Equally sadly, the supporting cast does nothing to make Kaz seem any less insufferable.  BFFs Lexy and Gottlieb supposedly provide comic relief, and while it is refreshing to see a trio of headlining people of color in a mainstream anime, Lexy’s lines in particular (voiced by The Kid Mero) are bad enough to make a middle-schooler cringe.  On the same subject, Jaden Smith himself manages to turn in a shockingly bad performance as Kaz; reading his lines with all the feeling and finesse of a teenager at the end of a 48-hour all-nighter.  The only remotely likeable character of the recurring cast is fashion-blogger-turned-nihlist Helena St. Tessero (another middle school fanfic name), voiced by real-life fashion blogger Tavi Gevinson.  Her total self-awareness and accurate assessments of Kaz’s vapidity make her a breath of fresh air in this stale show, but unfortunately the show somehow doesn’t want you to like her, or her completely accurate commentary on the vanity of capitalism, as evidenced by the fact that Kaz ultimately resolves all his problems without her help and goes back to living his same worthless existence at the end of each day.  Robot butler Charles (Jude Law, doing his best watered-down Paul Bettany impression) also deserves honorable mention, for simply being a neutral character in a show with an overwhelming number of people to hate.
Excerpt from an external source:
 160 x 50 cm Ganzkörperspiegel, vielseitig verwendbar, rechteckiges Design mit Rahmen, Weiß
Other less-pressing-but-still-serious issues with the show include: the art style is proof that that special brand of bad 90s anime actually did survive the digital transition after all; the show has…well, I would call them dubbing issues, but English was this show’s first language, so I guess you have to call them some really bad takes in the voice acting department; the aggressively royalty-free soundtrack (Vivaldi has never been so maligned…); weird little bits of Japanese which make their way into the dialog (e.g., “Kaz Kaan the Ichiban” and “Hikkikomori,”) in a way that, again, sounds like how a middle schooler would have their original character speak; and finally the vulgarity of many of the characters is often jarring when one considers that they are supposed to represent a world of refinement.

This photo is a good metaphor for the show itself…
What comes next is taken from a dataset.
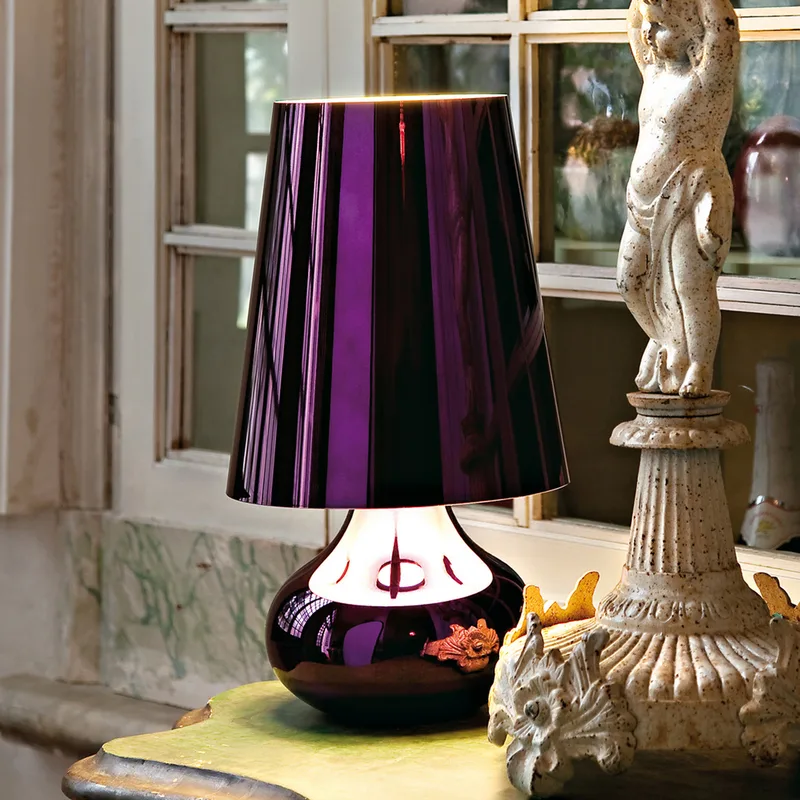 Cindy LED tafellamp, paars metallic - Kartell - Woonkamer - Designer - Kunststof - Met lampenkap von Kartell – Produktfoto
All of this boils down to the pressing question of the day: What the actual <bleep> is Neo Yokio?!  The best answer I can come up with is: it’s a weirdly tone-deaf slice of life anime which dips its toes into way, way too many genres, never staying long in any of them before returning to a baseline of vapidity that is neither interesting, sympathetic, nor even particularly adept at the social commentary that obviously lies somewhere beneath the surface.  It is a show that is crass when it should be solemn, frantic when it should be tranquil, and cringeworthy when it should be humorous, all of which leads me to my final question, which I will leave you, dear readers, to ponder:

Why the hell did Kazuhiro Furuhashi even allow himself to be associated with this trainwreck (cum truck crash, cum plane crash) in the first place?